We remember eighth-century bishop Boniface by reading a biographical devotion about him from The Church of the Middle Ages.
The best known and most successful Anglo-Saxon missionary was Winfrid of Nursling, later known as Boniface, who for 30 years consolidated the existing churches and pushed the frontiers of Christianity north to Scandinavia. He was born in Wessex about 680, and from age five was reared in English monasteries. In 716 he went to Frisia to assist Willibrord for a short time. He worked closely with the popes, maintaining a regular and detailed correspondence with Rome. In 722 he was consecrated bishop and in 732 archbishop, having as his sphere of operation that part of Germany east of the Rhine and north of the Danube. Pope Gregory II had outlined Boniface’s mission in a letter dated 719. . . .
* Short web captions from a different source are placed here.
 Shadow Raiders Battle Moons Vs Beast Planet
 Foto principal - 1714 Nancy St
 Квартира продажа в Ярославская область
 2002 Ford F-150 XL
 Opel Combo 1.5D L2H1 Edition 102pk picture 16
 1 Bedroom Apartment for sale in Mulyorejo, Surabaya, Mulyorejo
Five years later Boniface received a letter from the bishop of Winchester advising him on the proper approach to the pagans, “to show how . . . you may overcome with the least possible resistance this barbarous people.” The bishop warned against arguing with the pagans about their gods, as this would merely antagonize them. Rather, the missionary should frequently remind them of the works of the Christian God, the universality of the faith, and the omnipotence of the Creator. . . .
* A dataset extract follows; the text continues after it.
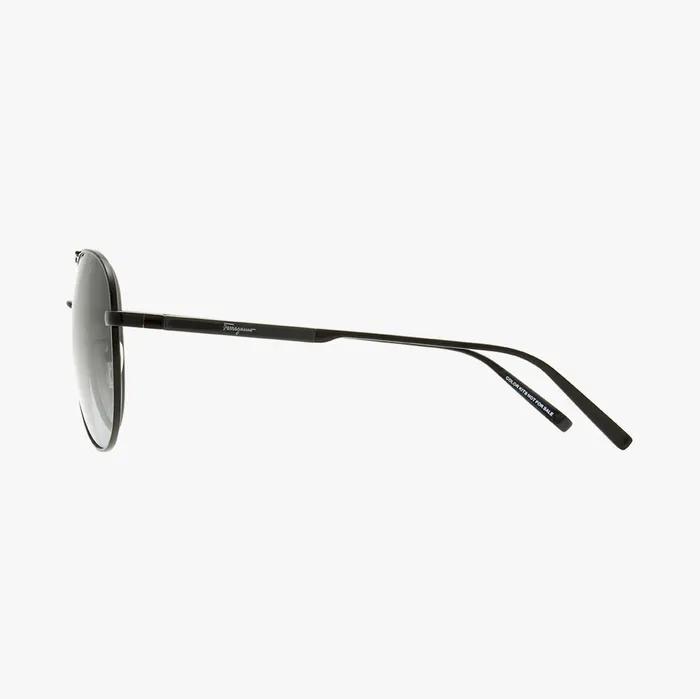 Sunglasses (SF191SKN 001 61)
Like other Anglo-Saxons before him, Boniface was supported by the Carolingian rulers who tended to identify Christian baptism with acknowledgement of Frankish control. For several years Boniface travelled under the safe conduct of Charles Martel. It was this identification of Christianity with a political system which caused the faith to be resisted in some quarters.
Boniface used monks as his missionaries, though he began the practice of using women evangelists as well, and he established more than 60 monastic houses in Germany. The most famous of these was at Fulda, established in 743 as the motherhouse of Germany, where Boniface’s tomb remains to this day. In 747 he established an archepiscopal see at Mainz, which became the center of German Christianity. After 741 he undertook a thorough reform of the Franco-German church by holding a series of five councils in which laymen participated alongside bishops. In 751 he anointed Pepin the Short, father of Charlemagne, as king of the Franks, thus inaugurating the long line of Carolingian kings who would dominate European affairs for two centuries. Already in his mid-70s, he decided to return to Frisia to continue evangelism there. While waiting for some converts to arrive to receive confirmation, he was set upon by some pagans and murdered, thus sealing his lifelong labors with “red martyrdom.”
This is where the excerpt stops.